Without a dial plan, users have to manually enter the whole callee’s number and wait for the 
specified dialing interval to time out or press a terminator key (usually the pound key on the phone 
keypad) before the Device makes the call.
The Device initializes a call when the dialed number matches any one of the rules in the dial plan. 
Dial plan rules follow these conventions:
• The collection of rules is in parentheses ().
• Rules are separated by the | (bar) symbol.
• “x” stands for a wildcard and can be any digit from 0 to 9.
• A subset of keys is in a square bracket []. Ranges are allowed.
For example, [359] means a number matching this rule can be 3, 5 or 9. [26-8*] means a 
number matching this rule can be 2, 6, 7, 8 or *.
• The dot “.” appended to a digit allows the digit to be ignored or repeated multiple times.
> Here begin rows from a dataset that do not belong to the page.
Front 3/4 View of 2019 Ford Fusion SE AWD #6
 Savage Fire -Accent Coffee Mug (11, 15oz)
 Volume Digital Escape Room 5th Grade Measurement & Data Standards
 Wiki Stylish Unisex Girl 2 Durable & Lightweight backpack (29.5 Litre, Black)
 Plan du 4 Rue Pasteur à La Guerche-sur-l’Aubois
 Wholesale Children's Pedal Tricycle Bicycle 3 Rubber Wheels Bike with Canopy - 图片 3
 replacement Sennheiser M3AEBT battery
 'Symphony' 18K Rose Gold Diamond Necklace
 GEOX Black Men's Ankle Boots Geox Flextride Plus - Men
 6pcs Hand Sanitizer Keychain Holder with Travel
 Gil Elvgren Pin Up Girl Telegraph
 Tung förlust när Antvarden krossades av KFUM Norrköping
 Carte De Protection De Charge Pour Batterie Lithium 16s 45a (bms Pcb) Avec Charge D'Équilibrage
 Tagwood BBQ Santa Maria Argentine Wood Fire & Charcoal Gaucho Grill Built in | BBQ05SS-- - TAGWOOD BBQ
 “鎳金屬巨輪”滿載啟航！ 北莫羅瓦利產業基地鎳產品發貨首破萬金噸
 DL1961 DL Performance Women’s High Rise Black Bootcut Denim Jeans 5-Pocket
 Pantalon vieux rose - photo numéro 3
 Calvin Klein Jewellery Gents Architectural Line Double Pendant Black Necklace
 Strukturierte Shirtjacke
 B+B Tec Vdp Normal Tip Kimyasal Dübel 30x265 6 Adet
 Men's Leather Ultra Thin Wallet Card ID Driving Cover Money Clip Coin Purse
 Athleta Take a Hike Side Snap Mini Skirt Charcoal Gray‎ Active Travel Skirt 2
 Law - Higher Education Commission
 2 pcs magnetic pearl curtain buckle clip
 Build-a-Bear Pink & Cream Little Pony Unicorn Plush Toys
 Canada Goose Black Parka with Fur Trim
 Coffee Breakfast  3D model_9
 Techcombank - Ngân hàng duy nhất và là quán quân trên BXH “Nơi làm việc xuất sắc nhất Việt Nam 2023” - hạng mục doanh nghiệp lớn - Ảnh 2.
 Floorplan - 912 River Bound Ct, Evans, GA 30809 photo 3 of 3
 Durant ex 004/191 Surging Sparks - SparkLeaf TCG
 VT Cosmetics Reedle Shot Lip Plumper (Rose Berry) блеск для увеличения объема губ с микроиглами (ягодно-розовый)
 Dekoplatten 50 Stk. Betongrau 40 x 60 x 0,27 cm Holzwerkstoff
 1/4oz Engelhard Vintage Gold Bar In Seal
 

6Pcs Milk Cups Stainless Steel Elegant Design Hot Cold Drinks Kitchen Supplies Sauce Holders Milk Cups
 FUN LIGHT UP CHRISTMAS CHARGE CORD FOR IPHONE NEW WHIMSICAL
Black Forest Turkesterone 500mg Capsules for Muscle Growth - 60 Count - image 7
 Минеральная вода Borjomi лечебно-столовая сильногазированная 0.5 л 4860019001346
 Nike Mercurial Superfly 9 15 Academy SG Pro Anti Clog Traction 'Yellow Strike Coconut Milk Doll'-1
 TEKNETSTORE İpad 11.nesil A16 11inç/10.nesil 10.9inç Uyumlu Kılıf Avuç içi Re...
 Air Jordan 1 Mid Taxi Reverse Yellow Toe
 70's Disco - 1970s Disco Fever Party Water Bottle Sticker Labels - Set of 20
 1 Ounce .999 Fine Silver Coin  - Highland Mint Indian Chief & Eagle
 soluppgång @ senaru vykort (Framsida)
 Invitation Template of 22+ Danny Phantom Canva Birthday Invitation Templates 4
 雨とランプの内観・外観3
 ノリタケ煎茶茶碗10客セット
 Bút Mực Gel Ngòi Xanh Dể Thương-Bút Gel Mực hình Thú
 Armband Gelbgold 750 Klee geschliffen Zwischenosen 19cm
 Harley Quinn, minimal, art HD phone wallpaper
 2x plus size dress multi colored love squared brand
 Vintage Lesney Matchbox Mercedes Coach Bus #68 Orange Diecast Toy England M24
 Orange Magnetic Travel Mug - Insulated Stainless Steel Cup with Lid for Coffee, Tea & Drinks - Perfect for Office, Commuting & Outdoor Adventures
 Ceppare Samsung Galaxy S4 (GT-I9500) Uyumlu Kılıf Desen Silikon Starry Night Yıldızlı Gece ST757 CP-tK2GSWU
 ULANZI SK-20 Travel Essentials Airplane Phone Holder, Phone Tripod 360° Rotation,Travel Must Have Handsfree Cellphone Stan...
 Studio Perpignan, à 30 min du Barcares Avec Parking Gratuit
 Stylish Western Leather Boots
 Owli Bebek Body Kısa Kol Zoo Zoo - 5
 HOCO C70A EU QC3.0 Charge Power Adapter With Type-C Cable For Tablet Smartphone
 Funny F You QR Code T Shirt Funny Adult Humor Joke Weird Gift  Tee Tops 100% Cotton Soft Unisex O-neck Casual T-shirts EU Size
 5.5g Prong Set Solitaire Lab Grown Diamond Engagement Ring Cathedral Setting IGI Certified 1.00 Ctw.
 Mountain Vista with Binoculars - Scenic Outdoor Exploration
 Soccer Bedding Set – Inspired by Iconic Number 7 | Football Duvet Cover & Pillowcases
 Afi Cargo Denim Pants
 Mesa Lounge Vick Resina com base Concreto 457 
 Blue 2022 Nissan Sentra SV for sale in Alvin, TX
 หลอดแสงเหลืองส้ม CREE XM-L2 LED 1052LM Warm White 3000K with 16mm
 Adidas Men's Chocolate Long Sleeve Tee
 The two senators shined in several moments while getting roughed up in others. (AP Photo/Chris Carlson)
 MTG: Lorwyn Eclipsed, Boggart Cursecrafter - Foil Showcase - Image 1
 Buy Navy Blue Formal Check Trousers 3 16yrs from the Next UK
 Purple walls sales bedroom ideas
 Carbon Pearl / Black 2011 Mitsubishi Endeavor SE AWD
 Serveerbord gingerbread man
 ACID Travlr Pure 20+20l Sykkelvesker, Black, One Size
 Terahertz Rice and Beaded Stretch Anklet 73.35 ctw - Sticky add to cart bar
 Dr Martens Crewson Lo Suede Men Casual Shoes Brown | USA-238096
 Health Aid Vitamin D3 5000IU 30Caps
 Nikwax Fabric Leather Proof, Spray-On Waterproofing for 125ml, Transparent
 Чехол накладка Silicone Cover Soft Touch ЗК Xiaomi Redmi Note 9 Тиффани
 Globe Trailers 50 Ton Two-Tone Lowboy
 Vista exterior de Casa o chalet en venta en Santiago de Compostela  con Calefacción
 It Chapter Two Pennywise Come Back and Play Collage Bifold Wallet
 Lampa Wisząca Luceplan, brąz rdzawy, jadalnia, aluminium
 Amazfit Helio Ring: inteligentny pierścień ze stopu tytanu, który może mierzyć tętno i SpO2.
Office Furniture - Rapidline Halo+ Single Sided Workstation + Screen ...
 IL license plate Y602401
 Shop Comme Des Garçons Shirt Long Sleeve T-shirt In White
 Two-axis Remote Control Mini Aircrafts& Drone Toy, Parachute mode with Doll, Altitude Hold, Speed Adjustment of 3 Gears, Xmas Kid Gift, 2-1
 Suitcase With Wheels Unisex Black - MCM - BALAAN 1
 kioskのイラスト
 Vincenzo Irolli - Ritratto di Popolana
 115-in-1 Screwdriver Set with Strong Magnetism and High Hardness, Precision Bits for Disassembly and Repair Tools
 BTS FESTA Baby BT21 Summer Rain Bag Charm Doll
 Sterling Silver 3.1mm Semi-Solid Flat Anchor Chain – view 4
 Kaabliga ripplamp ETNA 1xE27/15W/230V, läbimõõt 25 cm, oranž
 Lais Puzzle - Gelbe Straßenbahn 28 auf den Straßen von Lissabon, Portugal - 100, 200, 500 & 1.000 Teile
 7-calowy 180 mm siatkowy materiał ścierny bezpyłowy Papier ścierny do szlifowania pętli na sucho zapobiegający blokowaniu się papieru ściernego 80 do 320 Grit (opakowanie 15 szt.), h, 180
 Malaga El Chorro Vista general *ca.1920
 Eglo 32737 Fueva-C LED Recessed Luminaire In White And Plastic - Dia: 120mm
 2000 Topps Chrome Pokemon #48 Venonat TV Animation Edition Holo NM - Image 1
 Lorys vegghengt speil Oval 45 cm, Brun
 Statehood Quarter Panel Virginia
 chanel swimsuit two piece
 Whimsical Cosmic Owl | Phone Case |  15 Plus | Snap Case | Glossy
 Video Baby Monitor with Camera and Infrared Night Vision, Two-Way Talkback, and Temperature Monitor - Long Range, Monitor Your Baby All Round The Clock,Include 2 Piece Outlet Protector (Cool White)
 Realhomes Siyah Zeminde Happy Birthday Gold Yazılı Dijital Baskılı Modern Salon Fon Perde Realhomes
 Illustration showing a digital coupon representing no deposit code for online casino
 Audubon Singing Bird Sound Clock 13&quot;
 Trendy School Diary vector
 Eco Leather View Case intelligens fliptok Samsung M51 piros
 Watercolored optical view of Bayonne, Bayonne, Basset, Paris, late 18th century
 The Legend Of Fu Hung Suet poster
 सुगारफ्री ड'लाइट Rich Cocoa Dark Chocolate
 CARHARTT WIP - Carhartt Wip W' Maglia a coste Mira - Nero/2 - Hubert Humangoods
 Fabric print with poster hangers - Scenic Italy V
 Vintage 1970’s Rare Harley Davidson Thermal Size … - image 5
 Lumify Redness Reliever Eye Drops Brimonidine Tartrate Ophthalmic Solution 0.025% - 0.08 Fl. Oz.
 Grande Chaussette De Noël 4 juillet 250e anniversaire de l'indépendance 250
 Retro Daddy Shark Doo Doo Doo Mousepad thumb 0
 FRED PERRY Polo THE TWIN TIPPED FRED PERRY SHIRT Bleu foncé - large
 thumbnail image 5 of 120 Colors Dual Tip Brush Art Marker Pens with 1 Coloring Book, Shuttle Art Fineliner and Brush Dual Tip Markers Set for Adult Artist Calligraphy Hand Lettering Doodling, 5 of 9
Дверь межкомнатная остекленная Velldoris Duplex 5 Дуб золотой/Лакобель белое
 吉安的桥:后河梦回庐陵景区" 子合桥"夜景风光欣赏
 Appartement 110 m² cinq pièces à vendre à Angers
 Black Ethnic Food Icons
Any digit 
(0~9, *, #) after the dot will be ignored.
For example, (01.) means a number matching this rule can be 0, 01, 0111, 01111, and so on.
• <dialed-number:translated-number> indicates the number after the colon replaces the number 
before the colon in an angle bracket <>. For example, 
(<:1212> xxxxxxx) means the Device automatically prefixes the translated-number “1212” to 
the number you dialed before making the call. This can be used for local calls in the US.
(<9:> xxx xxxxxxx) means the Device automatically removes the specified prefix “9” from the 
number you dialed before making the call. This is always used for making outside calls from an 
office. 
(xx<123:456>xxxx) means the Device automatically translates “123” to “456” in the number 
you dialed before making the call.
• Calls with a number followed by the exclamation mark “!” will be dropped.
• Calls with a number followed by the termination character “@” will be made immediately. Any 
digit (0~9, *, #) after the @ character will be ignored.
In this example dial plan (0 | [49]11 | 1 [2-9]xx xxxxxxx | 1 947 xxxxxxx !), you can dial “0” to call 
the local operator, call 411 or 911, or make a long distance call with an area code starting from 2 to 
9 in the US. The calls with the area code 947 will be dropped.